Sarebbe un errore metterla nei termini di chi ha vinto o chi ha perso. Fini e Berlusconi, il Quirinale, i giornalisti: roba da tifosi. La modifica presentata ieri dal governo al disegno di legge sulle intercettazioni è innanzitutto una vittoria del buon senso. E del diritto – sia detto con serenità – dei cittadini ad avere un'informazione completa, ma non intossicata da sensazionalismi e dalla pubblicazione di dettagli privati più o meno morbosi.

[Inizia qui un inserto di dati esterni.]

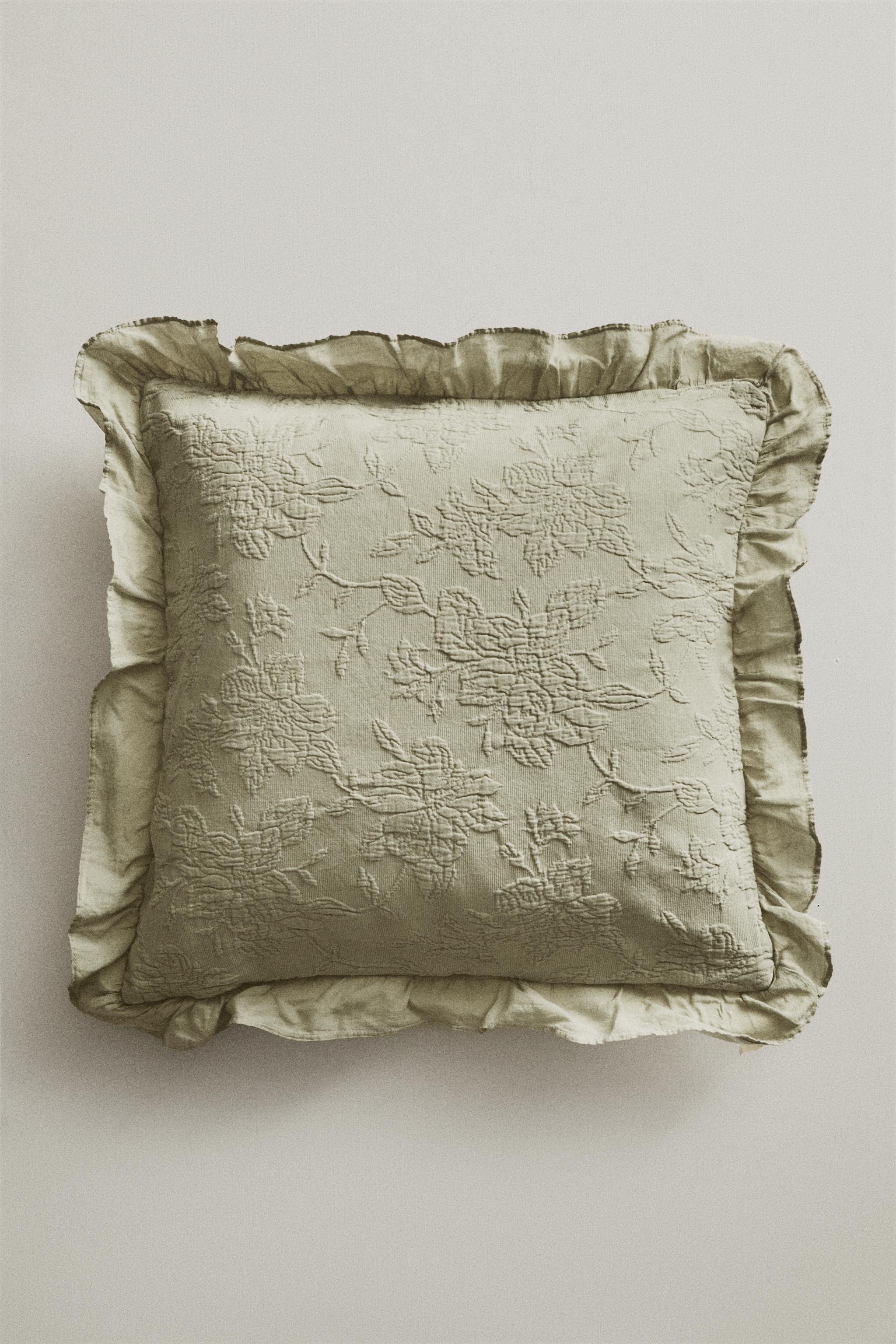HOUSSE DE COUSSIN JACQUARD VOLANT
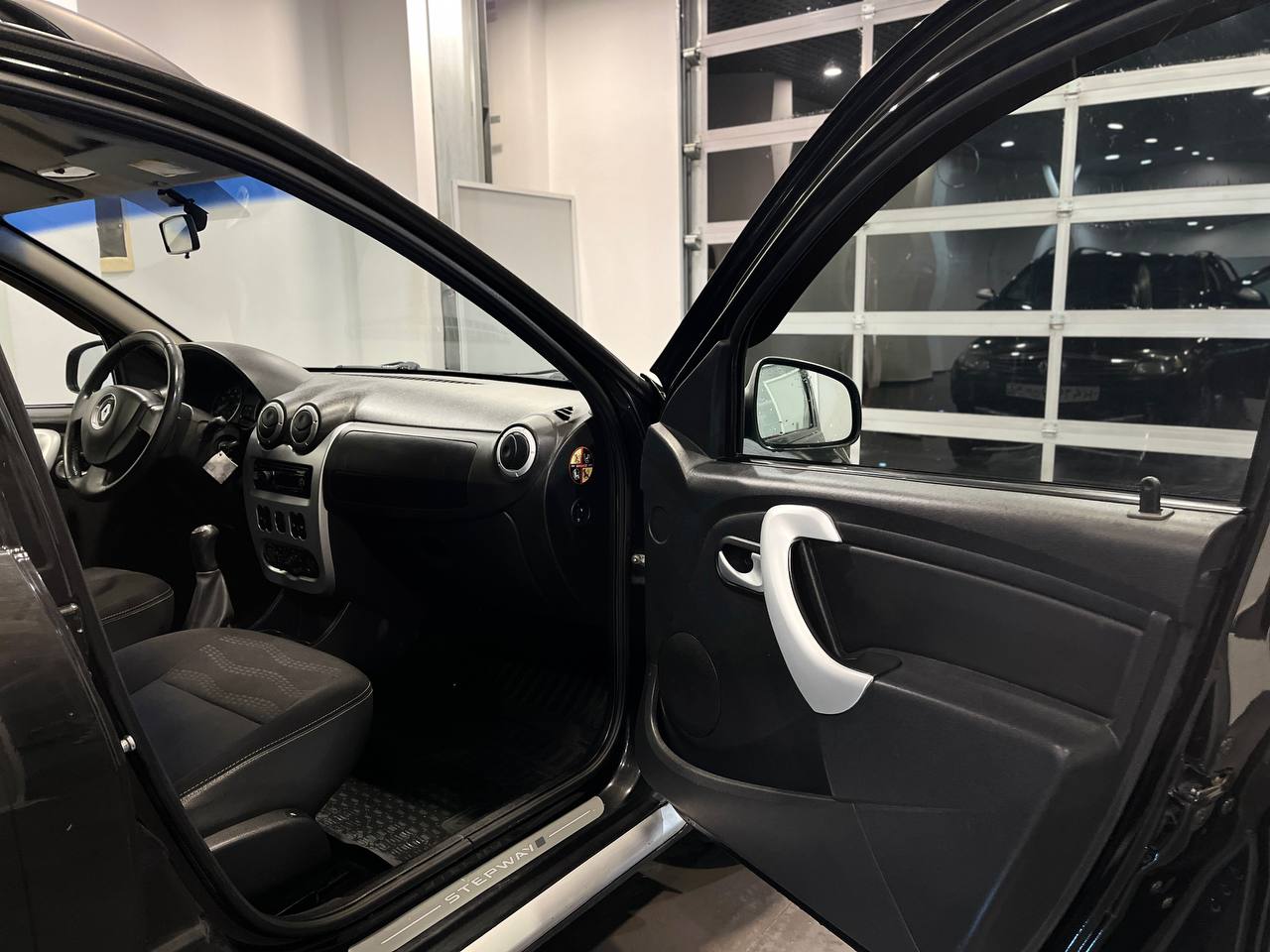 RENAULT SANDERO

I risvolti politici, ovviamente, non mancano. Con un presidente del Consiglio che ha dovuto subire una soluzione tutt'altro che gradita e che non ha nascosto il suo senso di frustrazione davanti a dinamiche che sente di controllare sempre meno. Con Gianfranco Fini che, dopo le dimisioni di Brancher e di Cosentino, può segnare al suo attivo un nuovo, significativo successo. E con una maggioranza sempre più al limite della crisi di nervi.
Ma le letture politiche non devono far perdere di vista ciò che conta: con le modifiche di ieri si è dimostrato che il disegno di legge del governo poteva e può essere migliorato; e anche che può, con un confronto finalmente più sereno, diventare auspicabilmente legge in autunno.
La protesta contro il Ddl, almeno nella sua componente non estremistica, ha voluto difendere l'uso delle intercettazioni come utile strumento di indagine e la possibilità di informare adeguatamente, non certo l'abusiva e morbosa violazione della privacy legata alla pubblicazione di conversazioni private.
Perciò le novità introdotte nel disegno di legge devono essere lette come una buona notizia per tutti. I lettori potranno continuare ad essere informati senza vincoli o reticenze; la privacy e la dignità delle persone avranno una tutela in più, nell'obbligo per i magistrati di separare ed escludere dal fascicolo le intercettazioni e gli atti non rilevanti sia prima che durante l'udienza filtro.
Una architettura che potrà e dovrà essere ancora migliorata, ma che comincia a presentarsi più equilibrata. Certamente migliore di quella che la versione originaria del Ddl avrebbe prodotto, ma migliore anche dell'attuale regolamentazione che si presta a non pochi abusi. Sarebbe stato probabilmente meglio evitare lo scontro dei mesi scorsi, ma alla fine il risultato che si fa strada è un buon risultato. Anche perché, al di là delle grida degli apocalittici, la democrazia in Italia ha dimostrato di essere ben viva e di cavarsela ancora non troppo male.